Brief: Print the listing exactly as it stands. Skip every picture.

Material provided:
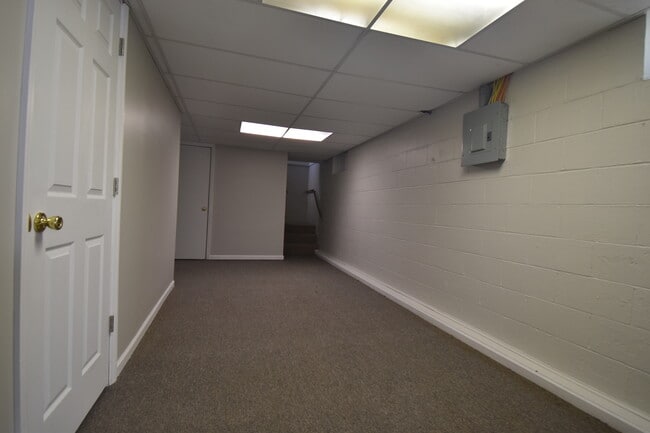 Building Photo - 814 S Eastside Dr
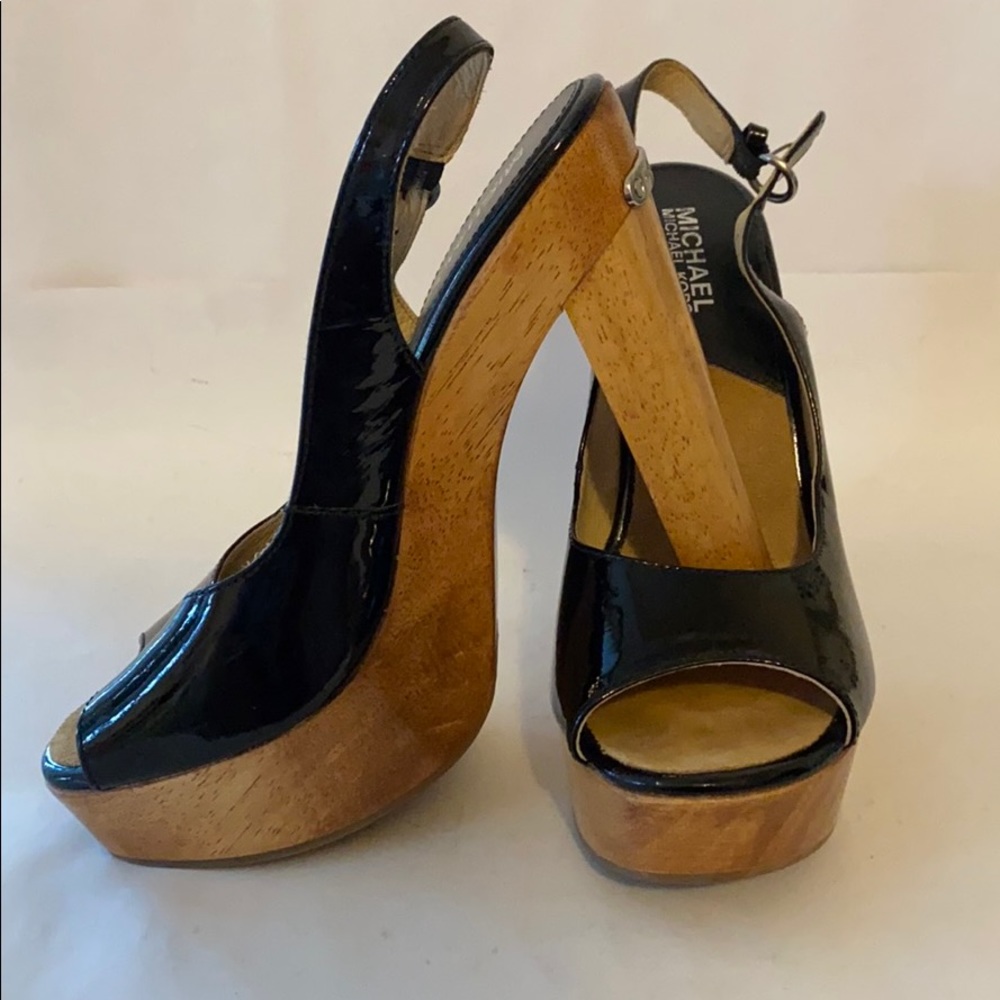 Michael Kors platform size 8M like new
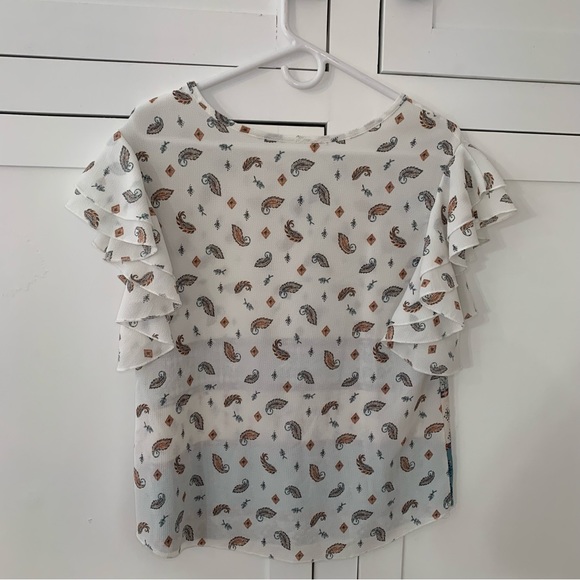 White/Blue Paisley Ruffle Top Size Small - Picture 5 of 5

Response below:
 Building Photo - 814 S Eastside Dr
 Michael Kors platform size 8M like new
 White/Blue Paisley Ruffle Top Size Small - Picture 5 of 5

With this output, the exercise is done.